- [What the exercise asks]:
For the material below, reproduce exactly each line from the one that has "Madelyn Scallop Wide" through the one that has "A boho-inspired Triangular", and no others; pictures stay out.

- [The records]:
——————
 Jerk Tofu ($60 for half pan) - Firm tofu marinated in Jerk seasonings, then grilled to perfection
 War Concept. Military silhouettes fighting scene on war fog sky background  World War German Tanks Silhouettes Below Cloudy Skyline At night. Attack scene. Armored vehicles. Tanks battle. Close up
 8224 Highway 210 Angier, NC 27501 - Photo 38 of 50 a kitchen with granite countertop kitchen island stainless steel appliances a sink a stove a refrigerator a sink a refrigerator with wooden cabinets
——————
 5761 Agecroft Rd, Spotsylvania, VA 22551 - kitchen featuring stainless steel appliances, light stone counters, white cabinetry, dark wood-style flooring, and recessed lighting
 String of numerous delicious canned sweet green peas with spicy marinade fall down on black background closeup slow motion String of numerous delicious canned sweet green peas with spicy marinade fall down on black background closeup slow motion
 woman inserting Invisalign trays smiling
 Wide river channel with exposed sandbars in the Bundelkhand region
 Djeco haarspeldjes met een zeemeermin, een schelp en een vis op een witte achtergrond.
——————
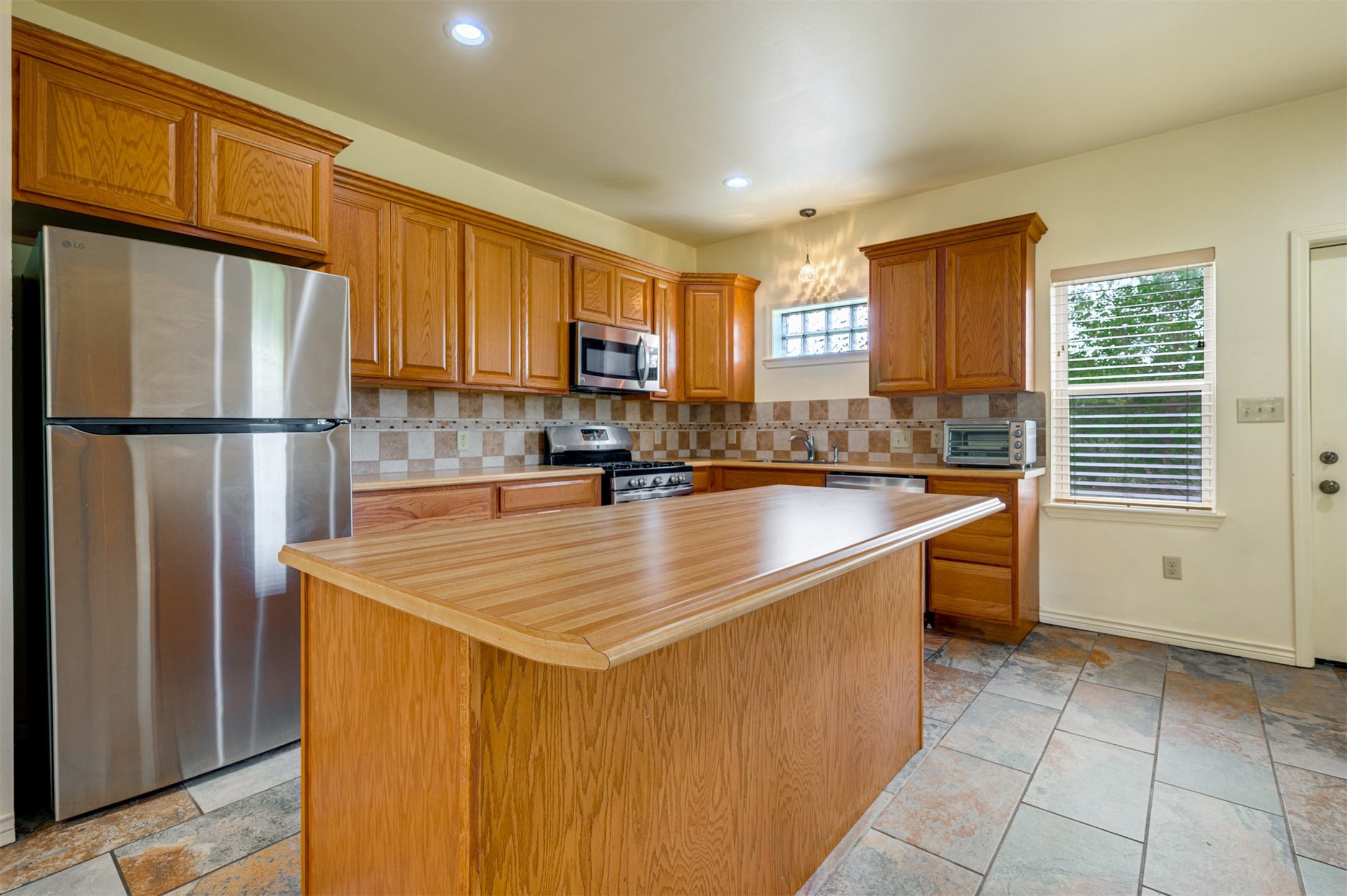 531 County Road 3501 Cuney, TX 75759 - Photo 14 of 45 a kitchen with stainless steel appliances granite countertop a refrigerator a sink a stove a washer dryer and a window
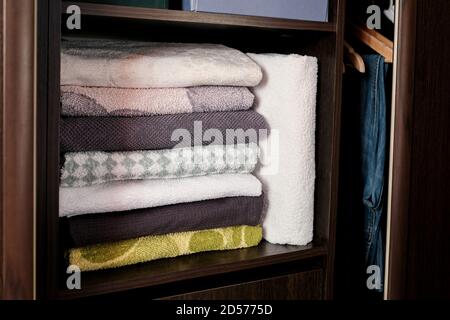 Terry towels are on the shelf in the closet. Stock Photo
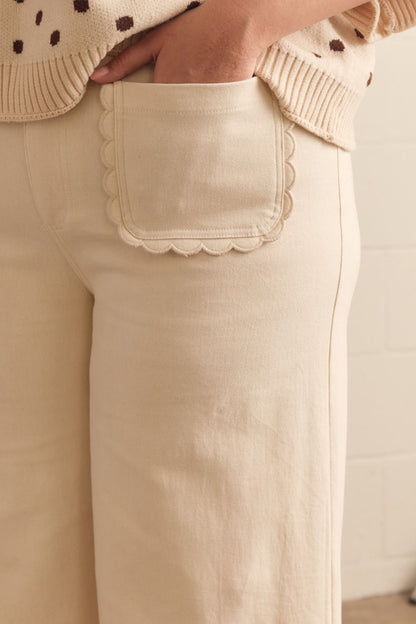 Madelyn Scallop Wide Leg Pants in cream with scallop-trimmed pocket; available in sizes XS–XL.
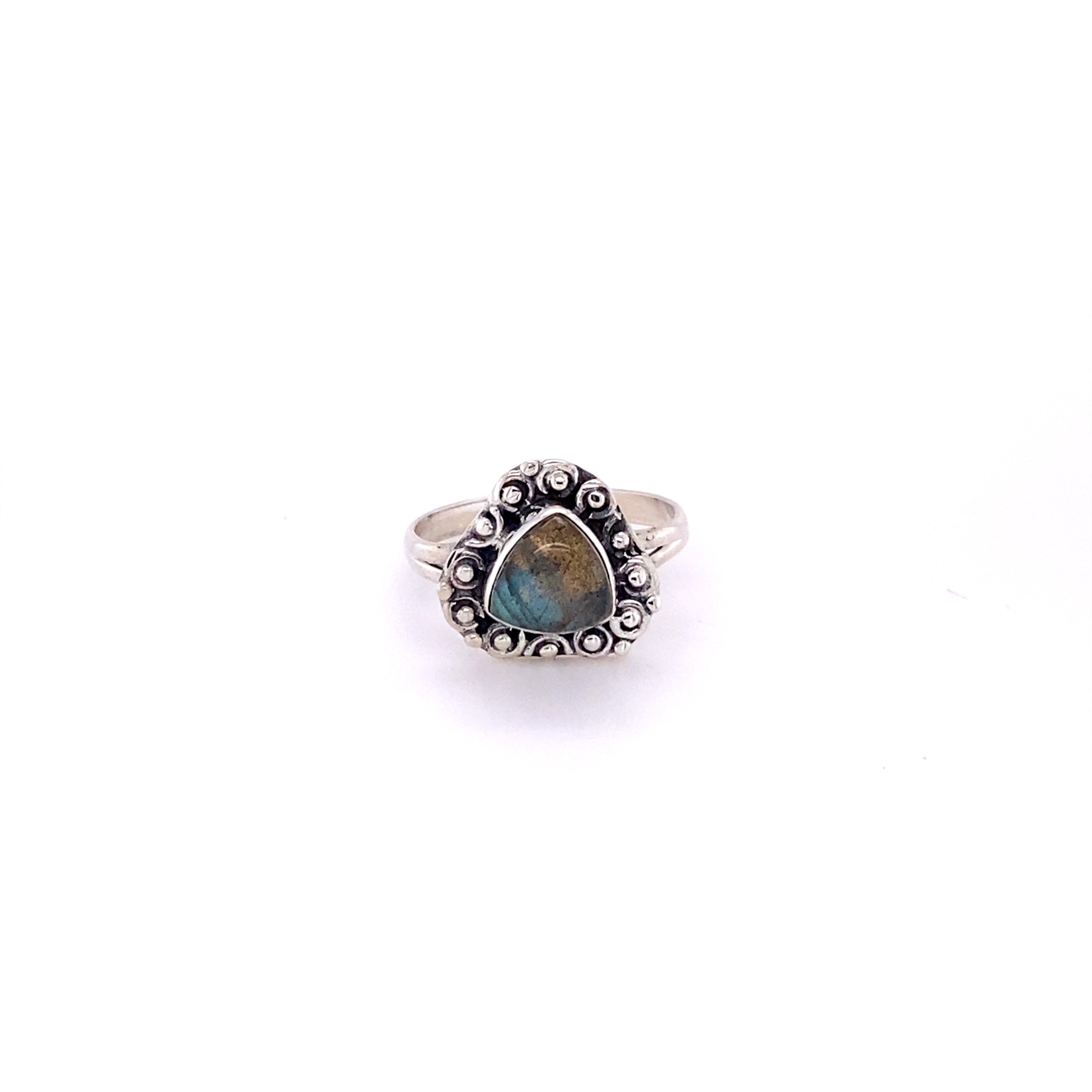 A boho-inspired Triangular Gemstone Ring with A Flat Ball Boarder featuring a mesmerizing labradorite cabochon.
——————
- [Solution for this problem]:
 Madelyn Scallop Wide Leg Pants in cream with scallop-trimmed pocket; available in sizes XS–XL.
 A boho-inspired Triangular Gemstone Ring with A Flat Ball Boarder featuring a mesmerizing labradorite cabochon.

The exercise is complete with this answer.